[WHAT TO DO]:
Give back every record exactly, with its pictures left out.

[RECORD EXCERPTS]:
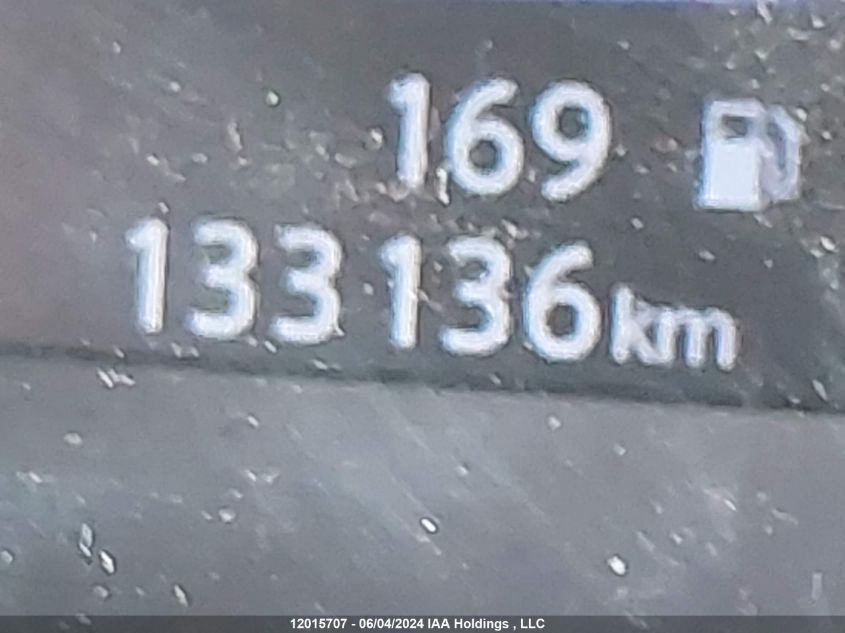 2018 Nissan Rogue Sv/Sl VIN: 5N1AT2MVXJC721905 Lot: 12015707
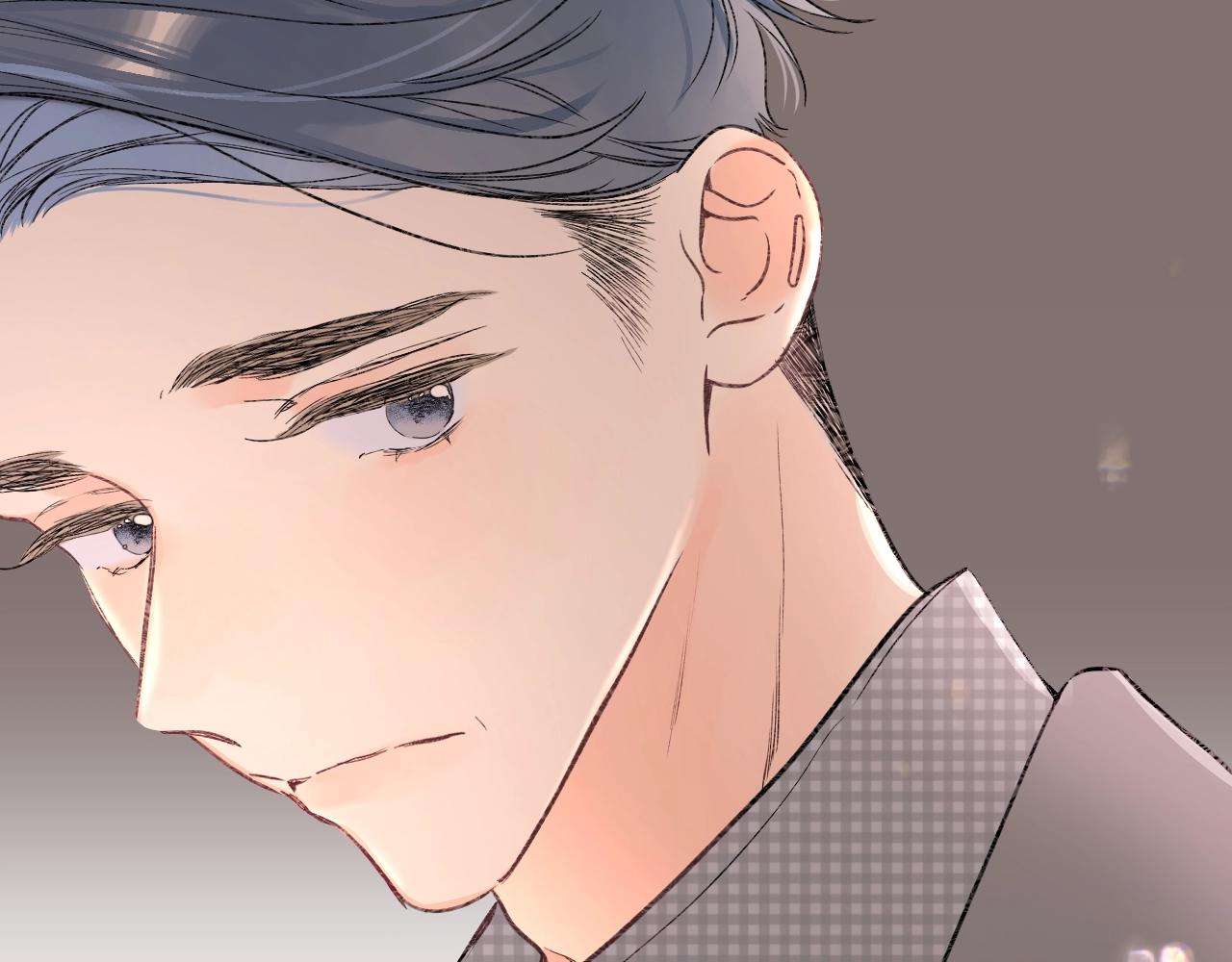 第90话 我喜欢她35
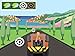 Fisher-Price Smart Cycle Software - Disney/Pixar Cars 2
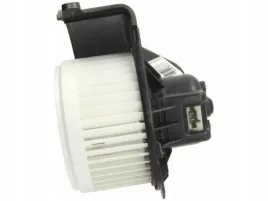 silnik-dmuchawy-denso-dea23019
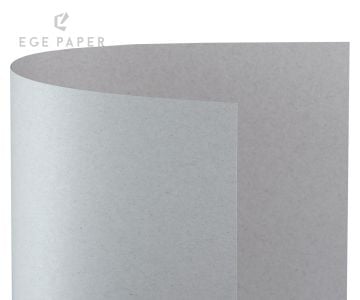 REMAKE®-BEIGE(SMOKE)-120GR-71X101CM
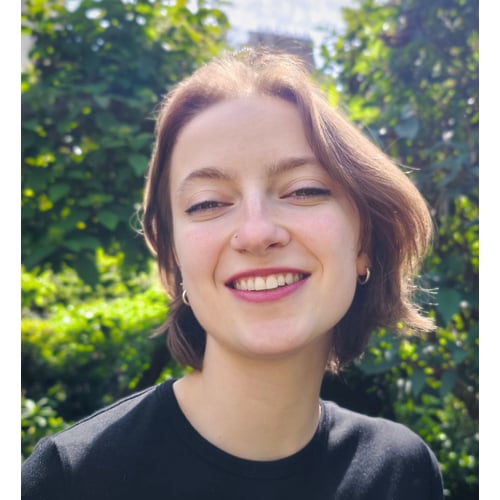 Profielfoto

[TASK RESPONSE]:
 2018 Nissan Rogue Sv/Sl VIN: 5N1AT2MVXJC721905 Lot: 12015707
 第90话 我喜欢她35
 Fisher-Price Smart Cycle Software - Disney/Pixar Cars 2
 silnik-dmuchawy-denso-dea23019
 REMAKE®-BEIGE(SMOKE)-120GR-71X101CM
 Profielfoto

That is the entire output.